Lesson 5

Using Negative Numbers to Make Sense of Contexts

Let’s make sense of negative amounts of money.

5.1: Notice and Wonder: It Comes and Goes

activity amount
do my chores 30.00
babysit my cousin 45.00
buy my lunch -10.80
get my allowance 15.00
buy a shirt -18.69
pet my dog 0.00

What do you notice? What do you wonder?

5.2: The Concession Stand

The manager of the concession stand keeps records of all of the supplies she buys and all of the items she sells. The table shows some of her records for Tuesday.

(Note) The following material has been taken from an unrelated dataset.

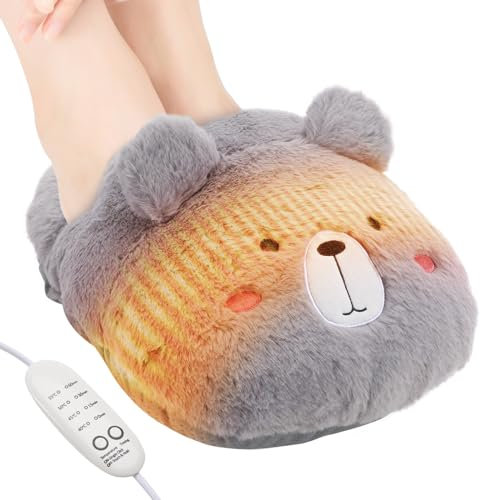 Calentador de Pies, Aceshop Calienta Pies Electrico con 4 Temporizadore y 4 Niveles de Temperatura Electrica Pies con carga USB Super Suave Lavablet Calentador de Pies USB pour Cama Oficina (Gris)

item quantity value in dollars
doughnuts -58 37.70
straws 3,000 -10.35
hot dogs -39 48.75
pizza 13 -116.87
apples -40 14.00
french fries -88 132.00
  1. Which items did she sell? Explain your reasoning.
  2. How can we interpret -58 in this situation?
  3. How can we interpret -10.35 in this situation?
  4. On which item did she spend the most amount of money? Explain your reasoning.

5.3: Drinks for Sale

A vending machine in an office building sells bottled beverages. The machine keeps track of all changes in the number of bottles from sales and from machine refills and maintenance. This record shows the changes for every 5-minute period over one hour.

  1. What might a positive number mean in this context? What about a negative number?
  2. What would a “0” in the second column mean in this context?
  3. Which numbers—positive or negative—result in fewer bottles in the machine?
  4. At what time was there the greatest change to the number of bottles in the machine? How did that change affect the number of remaining bottles in the machine?
  5. At which time period, 8:05–8:09 or 8:25–8:29, was there a greater change to the number of bottles in the machine? Explain your reasoning.
  6. The machine must be emptied to be serviced. If there are 40 bottles in the machine when it is to be serviced, what number will go in the second column in the table?
time number of bottles
8:00–8:04 -1
8:05–8:09 +12
8:10–8:14 -4
8:15–8:19 -1
8:20–8:24 -5
8:25–8:29 -12
8:30–8:34 -2
8:35–8:39 0
8:40–8:44 0
8:45–8:49 -6
8:50–8:54 +24
8:55–8:59 0

Priya, Mai, and Lin went to a cafe on a weekend. Their shared bill came to \$25. Each student gave the server a \$10 bill. The server took this \$30 and brought back five \$1 bills in change. Each student took \$1 back, leaving the rest, \$2, as a tip for the server.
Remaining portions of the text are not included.